Mosca ha annunciato martedì la resa di 265 soldati ucraini trincerati nelle acciaierie Azovstal, l’ultima sacca di resistenza contro le truppe russe nel porto ucraino di Mariupol, Kiev, evocando uno scambio imminente contro i prigionieri russi.

La completa cattura di Mariupol, città strategica sul Mar d’Azov assediata dalla Russia dall’inizio di marzo, pesantemente difesa dall’Ucraina e in gran parte distrutta dai combattimenti, sarebbe un importante passo avanti per Mosca in questo conflitto. Ciò gli consentirebbe di controllare aree di territorio dalla penisola di Crimea, che la Russia ha annesso nel 2014, alla regione del Donbass (est) già nelle mani dei separatisti filo-russi.

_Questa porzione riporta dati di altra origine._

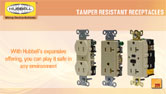 Tamper Resistant Receptacles for Any Environment
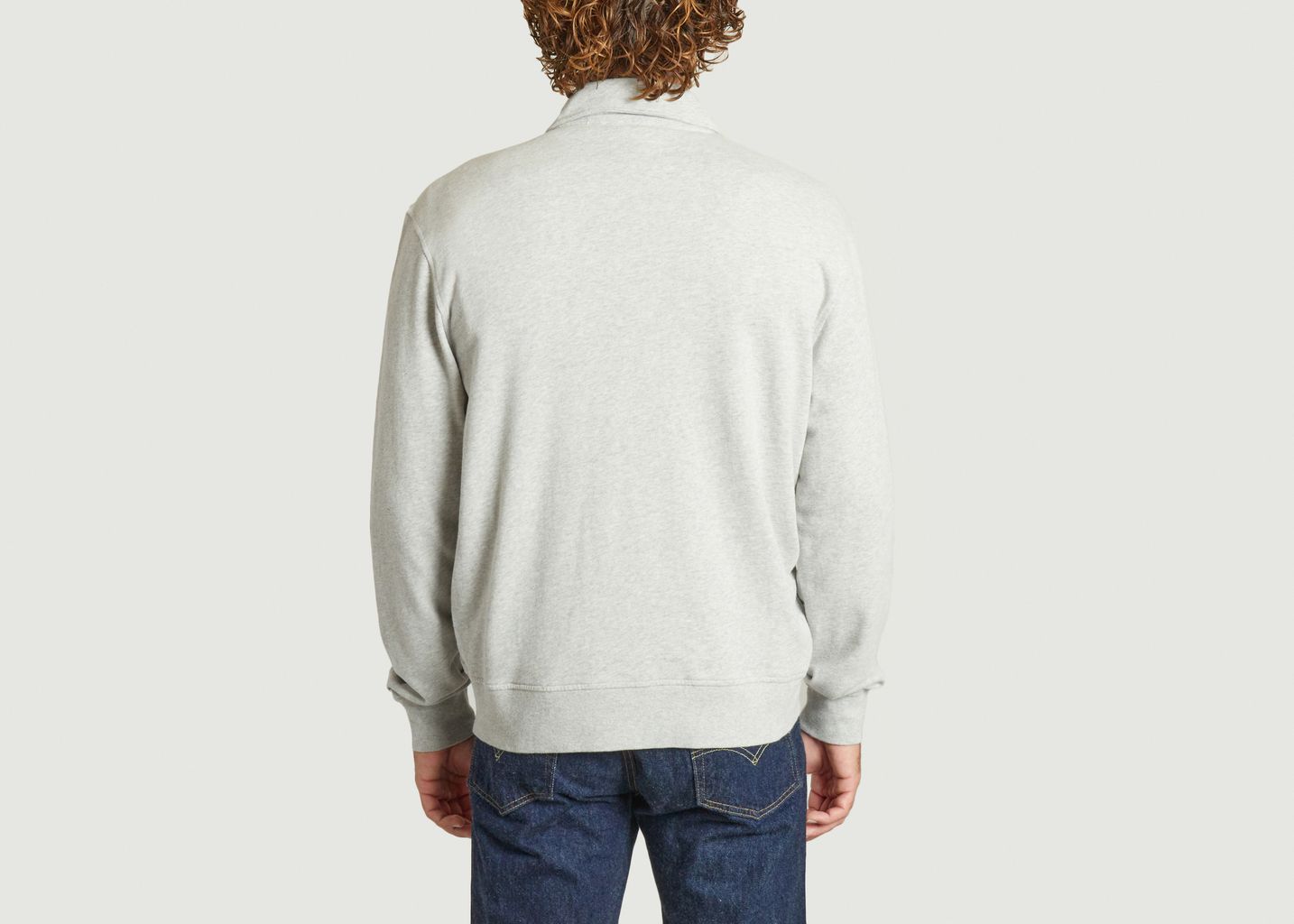 Esborn Sweatshirt - Officine Générale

“Nelle ultime 24 ore, 265 combattenti si sono arresi e fatti prigionieri, 51 dei quali sono rimasti gravemente feriti”, ha affermato il ministero della Difesa russo in una dichiarazione sullo stato dell’offensiva russa in Ucraina, iniziata il 24 febbraio.

>> Vedi argomento 12:45:

Guerra in Ucraina: a Mariupol, 265 combattenti trincerati ad Azovstal sono diventati prigionieri delle forze filo-russe / 12:45 / 1 minuto. / Martedì alle 12:45

Sarà possibile lo scambio di prigionieri

Questo scambio di soldati “sarà effettuato al fine di rimpatriare questo eroe ucraino il prima possibile”, come mostra la sua quota in Telegram, il Dipartimento di intelligence militare del Ministero della Difesa ucraino, confermando indirettamente che queste persone, “riempiendo ” la loro missione , sono nelle mani dei russi.

Anche il vice primo ministro ucraino Iryna Vereshchuk ha menzionato lo scambio, ma solo di “52 soldati gravemente feriti”.

“Una volta che le loro condizioni si saranno stabilizzate, li scambieremo con prigionieri di guerra russi”, ha detto su Telegram.